The fast thread is a little trickier, using the flag to keep mutex locks to a minimum:
while (true) {
if (m_newDataReady) {
std::lock_guard<std::mutex> guard(m_protectData);
if (m_newDataReady) {
Transfer(m_pendingData, 'to', m_currentData);
m_newDataReady = false;
}
}
Use (m_currentData);
}
Now it appears to me that the use of this method in the fast thread could improve performance quite a bit:
There is only one place where the atomic flag is used outside the control of the mutex and the fact that it's an atomic means its state should be consistent there.
Even if it's not consistent, the second check inside the mutex-locked area should provide a safety valve (it's rechecked when we know it's consistent).
The transfer of data is only ever performed under the control of the mutex so that should always be consistent.
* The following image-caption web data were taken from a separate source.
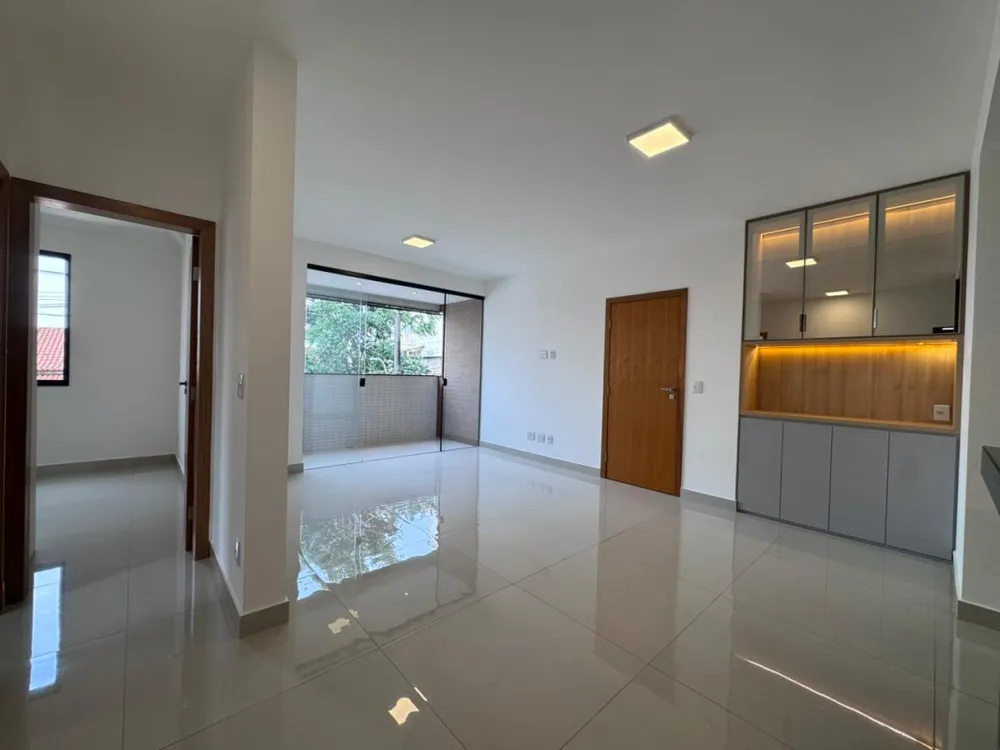 Apartamento, 3 quartos, 88 m² - Foto 5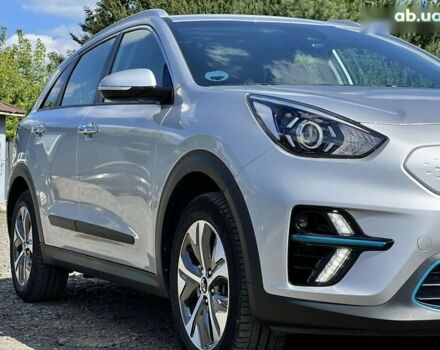 Киа Niro, объемом двигателя 0 л и пробегом 30 тыс. км за 20323 $, фото 9 на Automoto.ua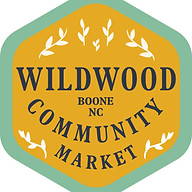 Wildwood Community Market logo
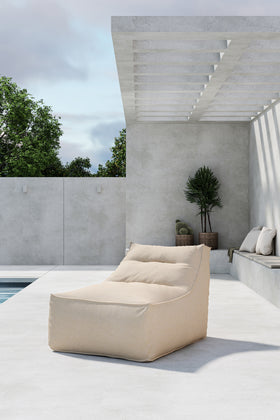 Redang Loungefåtölj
The outer loop in the fast thread means that unnecessary mutex locks will be avoided - they'll only be done if the flag is true (or "half-true", a possibly inconsistent state).
The inner if will take care of that "half-true" possibility that, between checking the and locking the mutex, the flag has been cleared.
I can't see any holes in this strategy but, given I'm only just getting into atomics/threading in the standard-C++ world, it may be I'm missing something.
Are there any clear problems in using this method?